Lyonpo was responding to Bartsham-Shongphu MP Passang Dorji’s question at the National Assembly yesterday, who asked about the government’s plans and policies to achieve energy security.

Passang Dorji said that hydropower is the backbone of energy in the country but studies have found that the sector could face the risk of climate change in the future.

He added that the country exports about Nu 11.5 billion (B) worth of electricity yearly to India, but it is offset by the import during winter season, while the country also imports petrol and diesel from India worth Nu 9B annually.

Passang Dorji also said that although the country has the potential to generate 22,000 megawatts (MW) of solar energy and 760MW of wind energy, only 9MW has been realised till now.

The country has a generation capacity of 2,326MW of electricity from hydropower in summer, which decreases to 411MW in winter, Lyonpo Loknath Sharma said.

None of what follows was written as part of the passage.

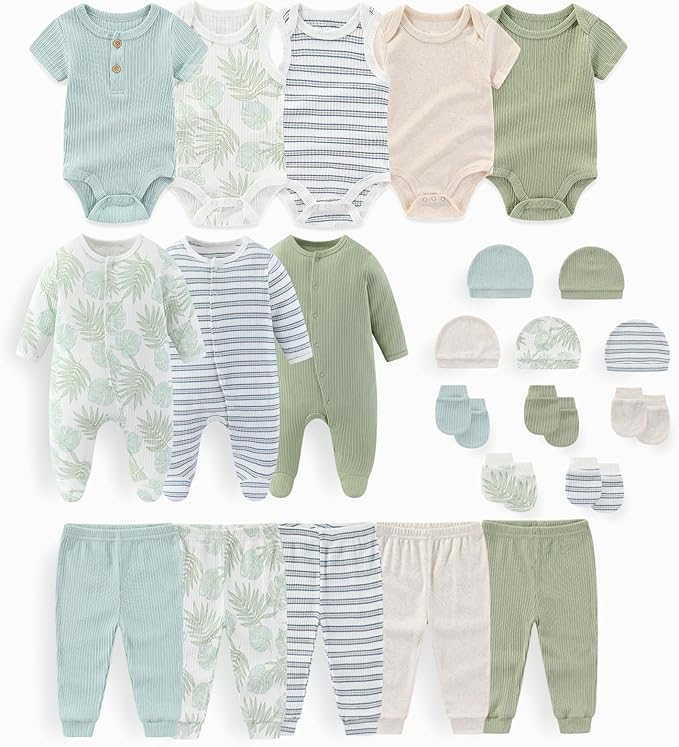 Unisex Baby Boy Girl Clohtes Pants Sets 23 pack Cotton Casual New born Clothing Comfort Infant Birthday Outfit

He said that the country’s demand was 500MW last winter, and Bhutan imported 200MW of electricity to meet increasing demand from the manufacturing and production sectors, which coincided with the shutdown of Tala hydropower project.

“By 2030, we would require 1,500MW of energy,” he said, adding that the government had discussed with the Druk Holding and Investments to install 200MW of solar energy in the next two to three years which would be followed by other alternative sources.

Lyonpo said that the country has achieved 99 percent of energy security technically. However, the situation is changing in practical terms.

He said the electricity generation target was 10,000MW by 2020 but there are many inconveniences to sort out.

Lyonpo said that globally there is a growth of other energy sources like solar, wind, thermal, hydrogen, and nuclear. To meet energy security, he added that the government has come up with the Sustainable Hydropower Policy 2021 and is also coming up with an alternative energy policy.

Lyonpo said that the government is in discussion with experts to come up with green hydrogen-powered energy. “Investment in green hydrogen is huge.”

He said that the solar panels are being installed in rural villages and there is a shift in the use of energy-efficient electrical appliances and a move towards embracing electric vehicles in the country.

Bhutan, he said, also has to look for alternatives to shift from run-off-river hydro projects to reservoir projects.